One disturbing trend involves wealthier neighborhoods paying for private fire protection. That has created a socioeconomic gap between those who can pay to defend against fires and those who can’t, says Pincetl. She studies ways to make cities more sustainable, including a variety of issues related to wildfires, from forest management to the role of electrical utilities.

Pincetl notes that aging electrical infrastructure and its role in sparking wildfires is a legacy of the centralized power plant model. Decentralized forms of energy, such as rooftop solar panels, are needed to prevent both accidental blazes and the mass power outages intended to prevent them. She also advises policymakers to change zoning laws to limit construction in wild — and flammable — areas. Although climate change, drier vegetation and aging electrical infrastructure contribute to the increase in wildfires, the worst contributors by far are people, she says.

“Preventing wildfires at the urban fringe is going to require pretty substantial land use planning changes,” Pincetl says. “We can no longer build in fire-prone areas.

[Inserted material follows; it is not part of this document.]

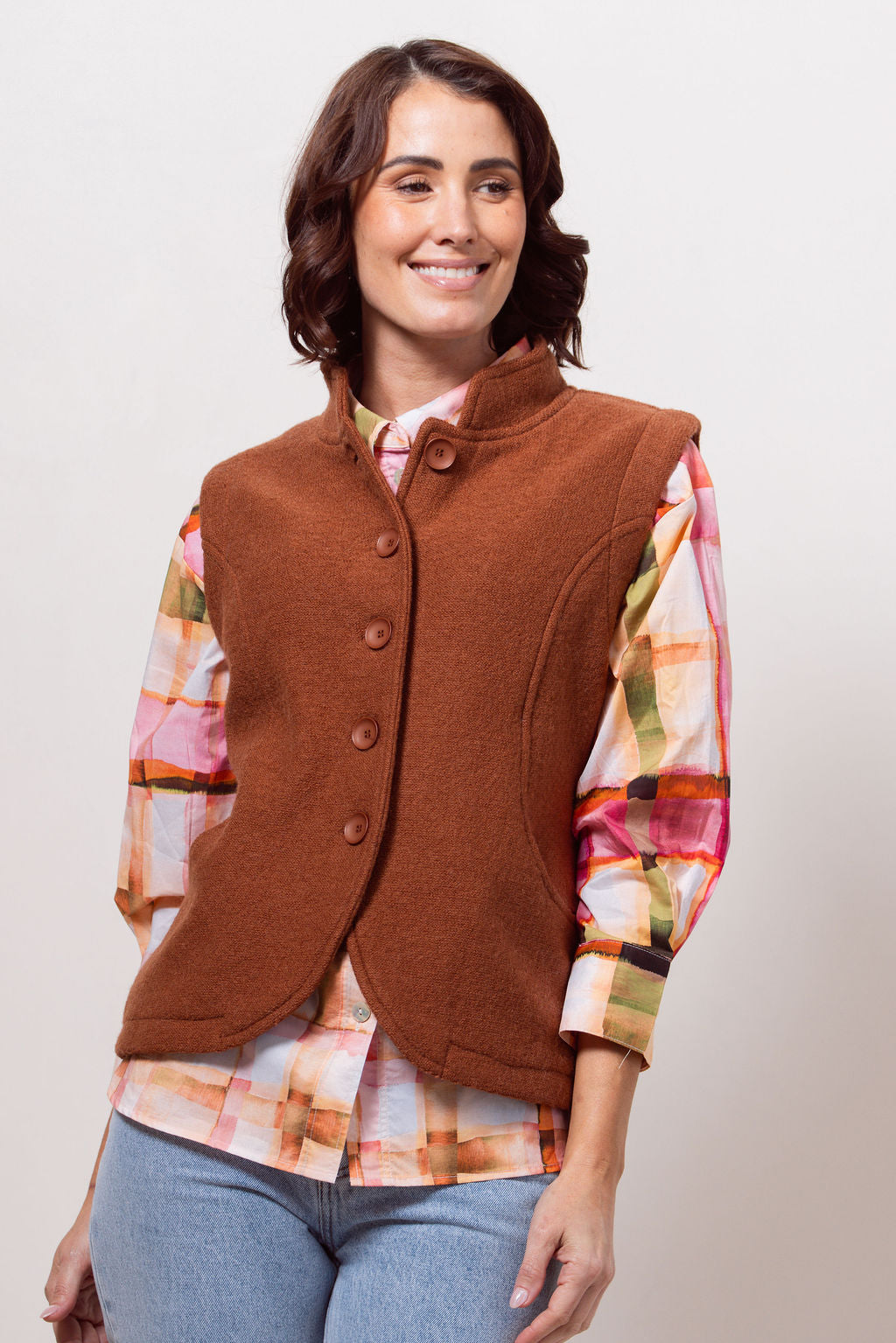Woman wearing a copper See Saw vest over a plaid shirt with a plain background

That’s actually the only way you’re going to prevent igniting wildfires. … The more humans interact with this zone that is flammable and always has been flammable, the higher the chances of igniting a fire.”

The silver lining around the clouds of smoke from this year’s fires may be that people are finally paying attention, Shaffer says.

“It gives me hope that as fires become such a big part of the national conversation, the research has refocused on the reasons for those fires, and climate change is a real driver,” he says. “People are losing that standard Pollyanna view that we’ll learn to live with it, and that’s a positive step.”